• [Your instructions] From the line that has "Woman’s Dark Forest" down to the last line of the data below, set down every line exactly, but none of the pictures.

• [Exercise inputs]
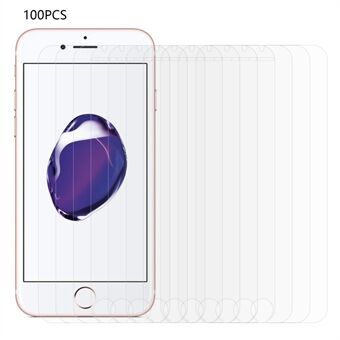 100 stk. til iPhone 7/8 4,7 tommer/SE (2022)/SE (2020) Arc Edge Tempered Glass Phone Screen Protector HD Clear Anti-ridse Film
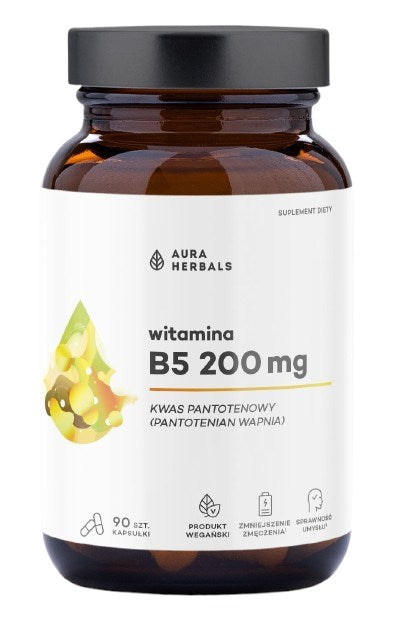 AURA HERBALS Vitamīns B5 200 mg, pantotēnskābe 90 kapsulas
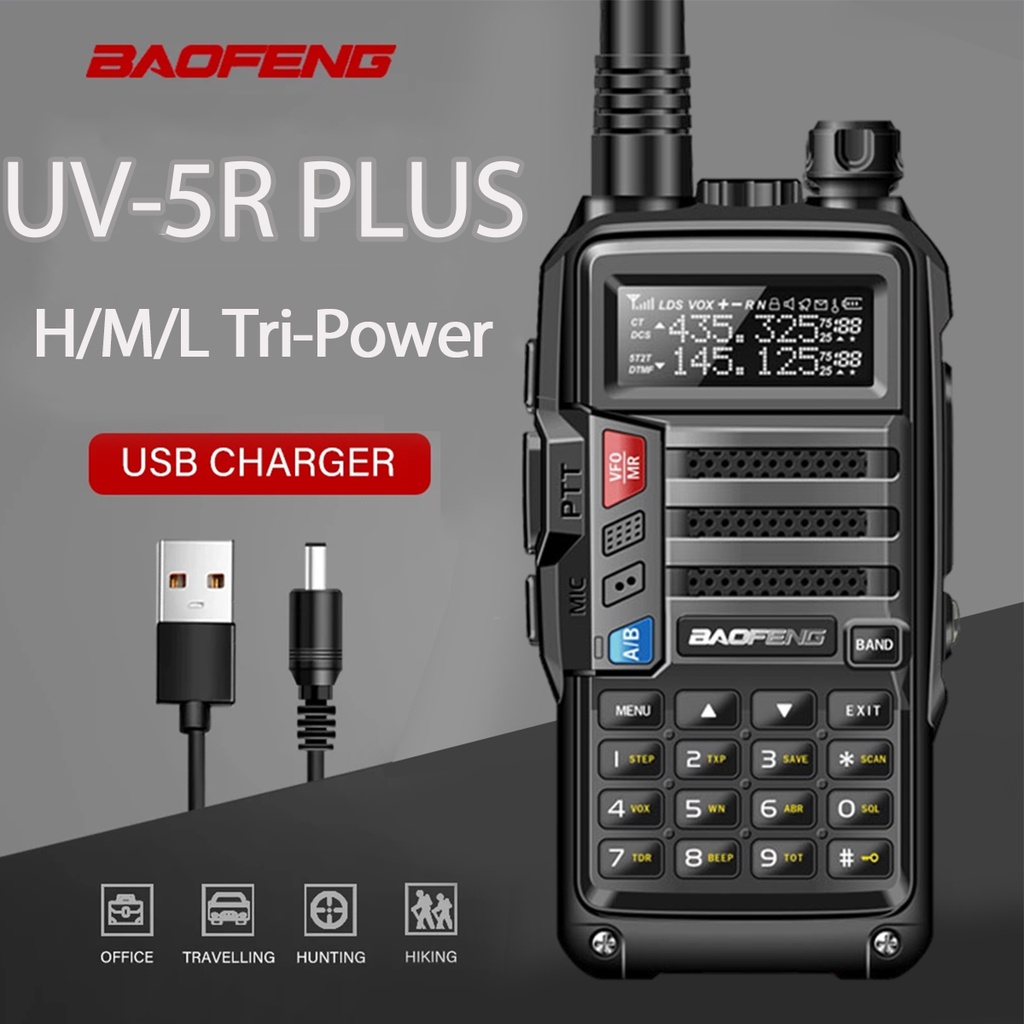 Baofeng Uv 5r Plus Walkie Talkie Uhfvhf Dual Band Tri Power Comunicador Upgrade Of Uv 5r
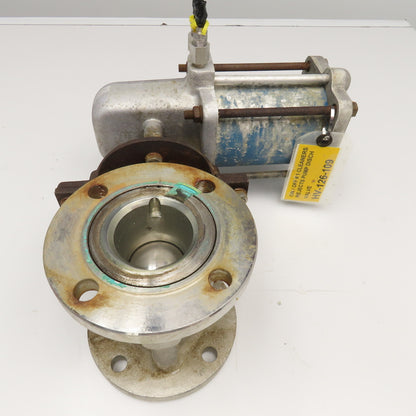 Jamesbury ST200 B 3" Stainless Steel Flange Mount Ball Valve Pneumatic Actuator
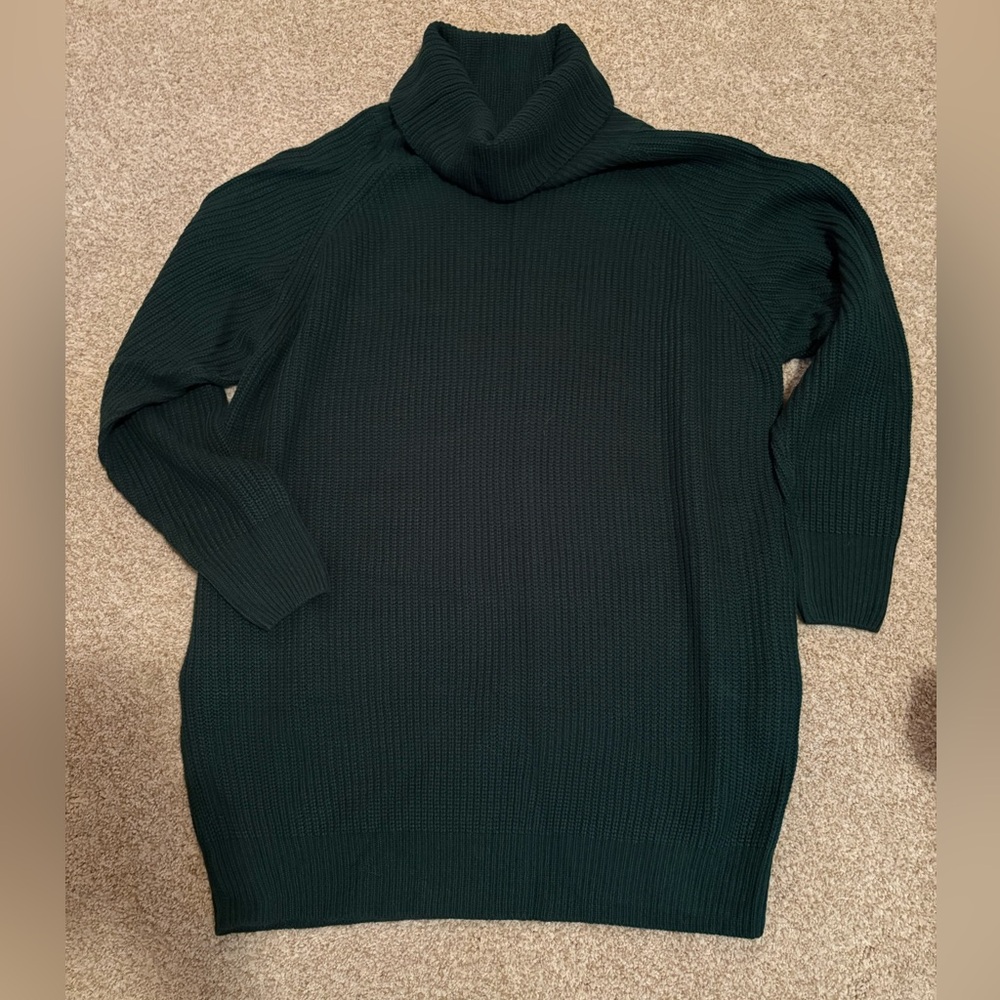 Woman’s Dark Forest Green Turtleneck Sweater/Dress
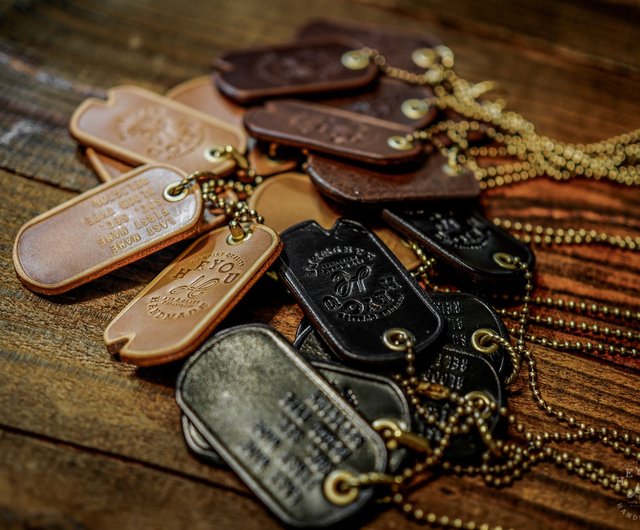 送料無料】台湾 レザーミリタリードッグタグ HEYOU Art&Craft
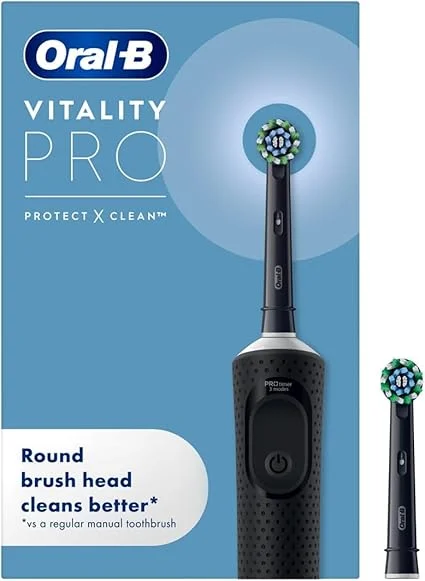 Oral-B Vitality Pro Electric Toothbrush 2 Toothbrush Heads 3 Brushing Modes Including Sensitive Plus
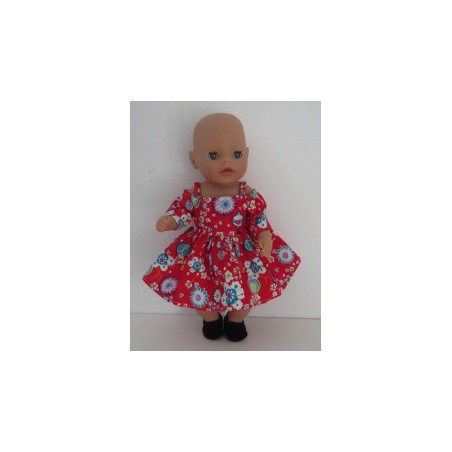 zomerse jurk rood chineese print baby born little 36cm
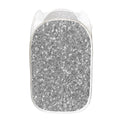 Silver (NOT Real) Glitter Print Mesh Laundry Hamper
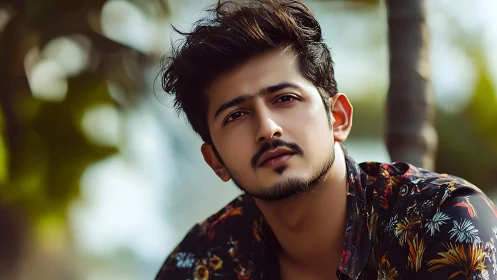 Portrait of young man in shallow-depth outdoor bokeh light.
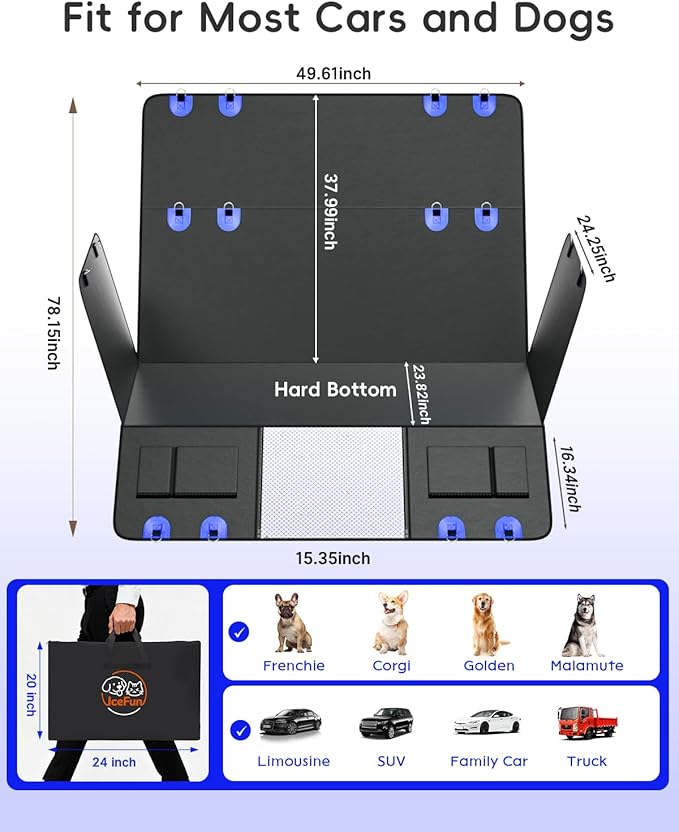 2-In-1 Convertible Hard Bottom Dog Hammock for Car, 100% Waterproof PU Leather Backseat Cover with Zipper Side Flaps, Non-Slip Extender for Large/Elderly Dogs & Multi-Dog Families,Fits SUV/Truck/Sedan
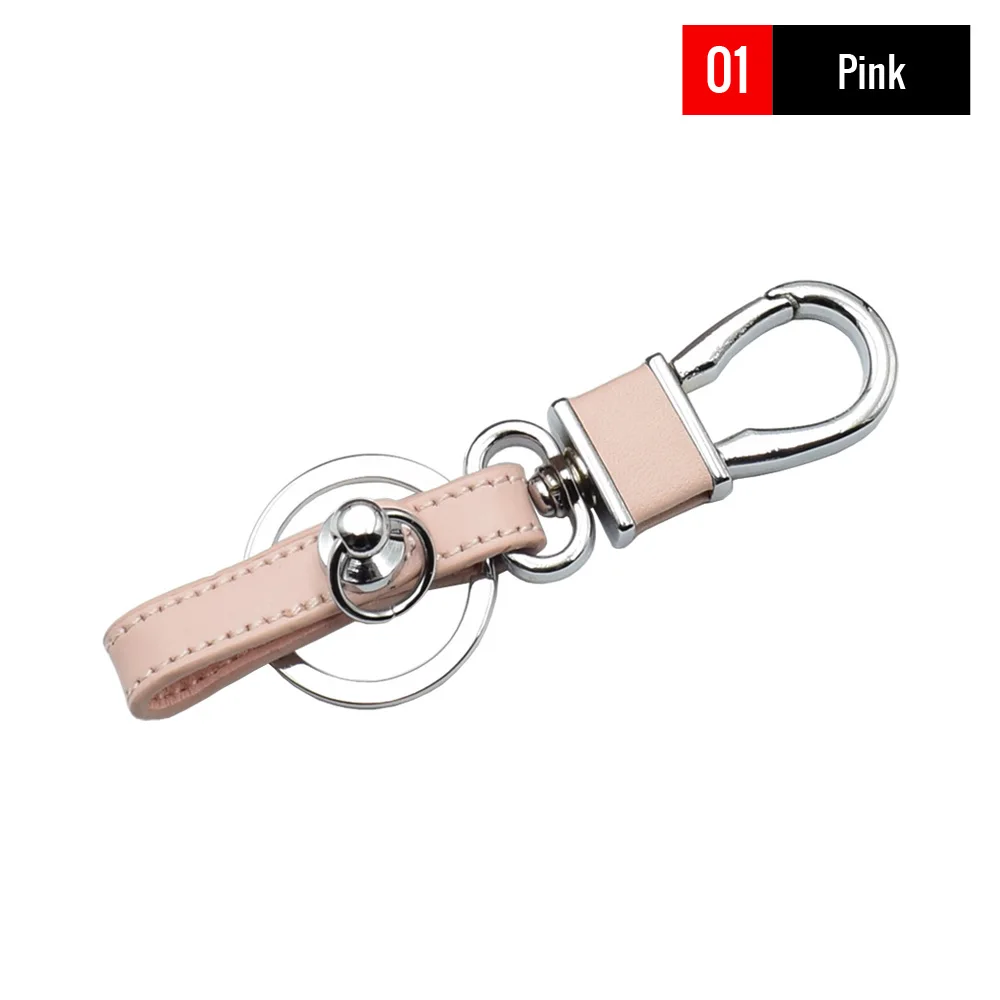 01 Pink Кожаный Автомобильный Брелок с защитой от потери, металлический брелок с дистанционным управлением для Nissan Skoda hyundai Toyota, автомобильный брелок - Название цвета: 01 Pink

• [Expected answer]
 Woman’s Dark Forest Green Turtleneck Sweater/Dress
 送料無料】台湾 レザーミリタリードッグタグ HEYOU Art&Craft
 Oral-B Vitality Pro Electric Toothbrush 2 Toothbrush Heads 3 Brushing Modes Including Sensitive Plus
 zomerse jurk rood chineese print baby born little 36cm
 Silver (NOT Real) Glitter Print Mesh Laundry Hamper
 Portrait of young man in shallow-depth outdoor bokeh light.
 2-In-1 Convertible Hard Bottom Dog Hammock for Car, 100% Waterproof PU Leather Backseat Cover with Zipper Side Flaps, Non-Slip Extender for Large/Elderly Dogs & Multi-Dog Families,Fits SUV/Truck/Sedan
 01 Pink Кожаный Автомобильный Брелок с защитой от потери, металлический брелок с дистанционным управлением для Nissan Skoda hyundai Toyota, автомобильный брелок - Название цвета: 01 Pink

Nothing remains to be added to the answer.